Unless Congress raises the tax to the level of premiums, the system will have to be replaced with a public option.
[...] It is clear that PPACA has severe economic costs, and is at least partially responsible for the slow economic recovery, and needs to be replaced.
PPACA raises employment costs by requiring employers to offer qualifying insurance coverage or pay a penalty—now a tax. Because this requirement will apply, starting in 2014, to firms with more than 49 full time employees, it will discourage the hiring of full-time workers, especially low-wage hands whose work can more easily be divided among part-timers. Firms with over 49 workers will have to pay $2,000 a year for each employee without qualifying coverage. Expanding to 50 workers would, in 2014, cost a firm $40,000 a year (the first 30 workers are exempt).
PPACA encourages employers to substitute part-time for full-time workers to avoid the tax. A firm with 60 employees would pay a tax of $60,000 a year if it did not have qualifying health coverage. But if it put 11 workers on part-time, and hired another 11 part-timers, it would not owe a tax, because it would have 49 full-timers. The full-timers who become part-timers and lose salary and benefits would be worse off.
PPACA raises health insurance costs by requiring an overly-generous plan. In order to be counted as a ‘qualified benefit plan’ and be able to sell health insurance in the exchange, an underwriter must cover routine health care—such as check-ups, and contraceptives—without copayment. It must also cover maternity care, mental health and substance abuse.
Unfortunately, plans that encourage shopping around, such as catastrophic plans with large deductibles combined with health savings accounts, where people can save tax-free for medical care, are prohibited by PPACA for Americans ages 30 and above.
A health insurance system needs to be accessible, portable, and inexpensive, just like other forms of insurance.
[...]The same should be true of health insurance. Those who can’t afford it should be offered refundable tax credits, or vouchers, to purchase it themselves, so they can have the same choice of doctors and services as other Americans.
Just as in other forms of insurance, America can lower costs by reducing unnecessary regulation, increasing competition and patient choice.

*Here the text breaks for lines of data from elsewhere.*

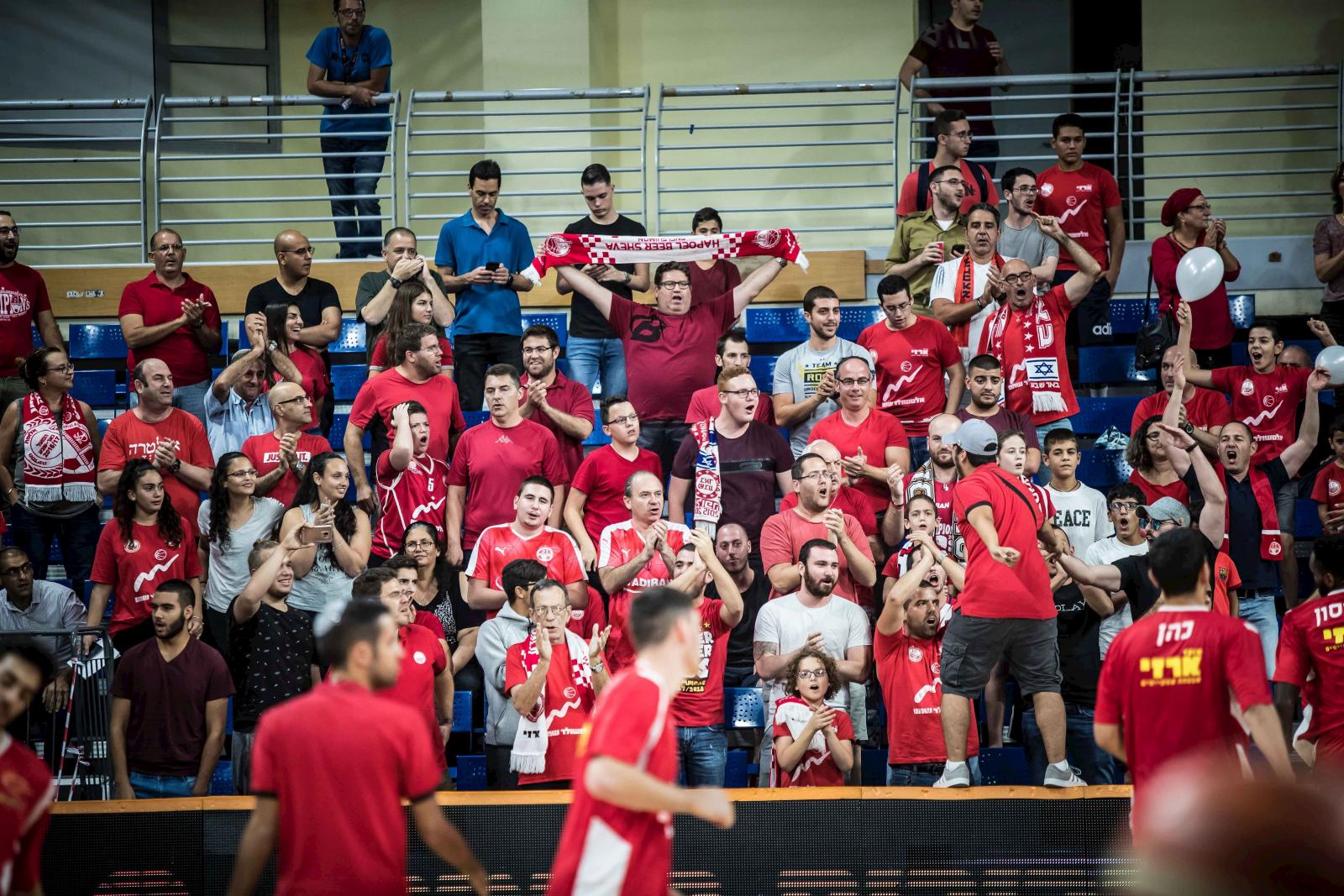 אוהדי הפועל באר שבע בבית מכבי בראשון לציון. עודדו יפה (צילום: עודד קרני, באדיבות מנהלת הליגה)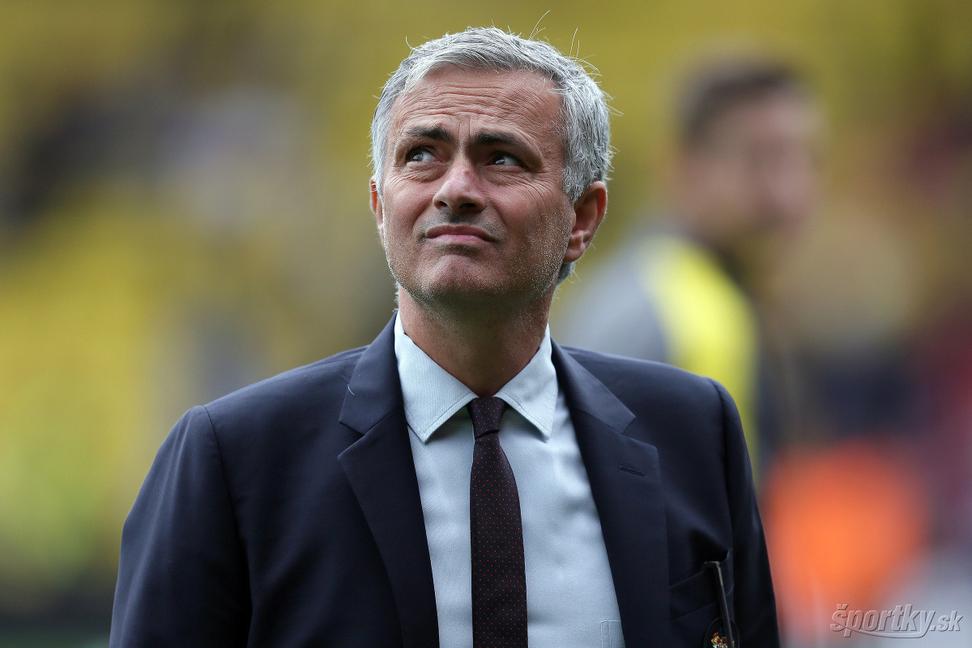 Manchester United: Mourinhovi bolo povedané aby sa zbavil šiestich hráčov.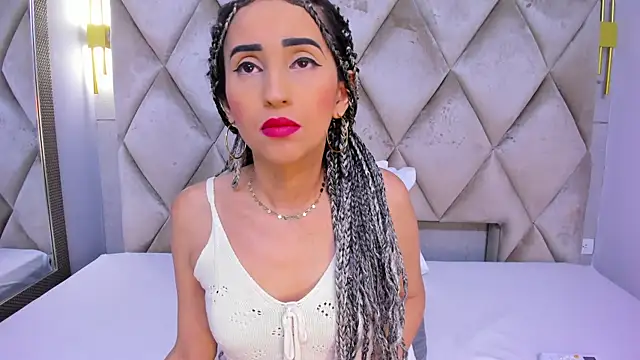 violett rabbit  online show from January 17, 2026, 12:32 pm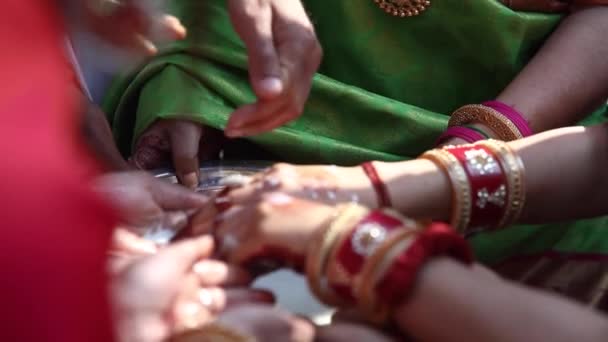 Indian Women Wearing Vibrant Colourful Attire Doing Traditional Bengali Wedding — Stock Video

Patients should decide what type of coverage meets their needs, not be told what they must purchase by the federal government.
For example, if some people want their children to be on their insurance plan until age 26, or age 28, or age 30, they should be able to purchase plans that cover their children, at a price. Others who do not have children, or who do not want their children on their plans, should not have to pay the costs.
How would such a system operate?
Congress could give all Americans tax credits for buying health insurance; allow plans to compete over state lines; and set up state risk pools to insure those with uninsurable conditions.
What an excellent article. Her suggestions are also good, and the Republicans have offered a plan to achieve those goals: Paul Ryan’s health care plan.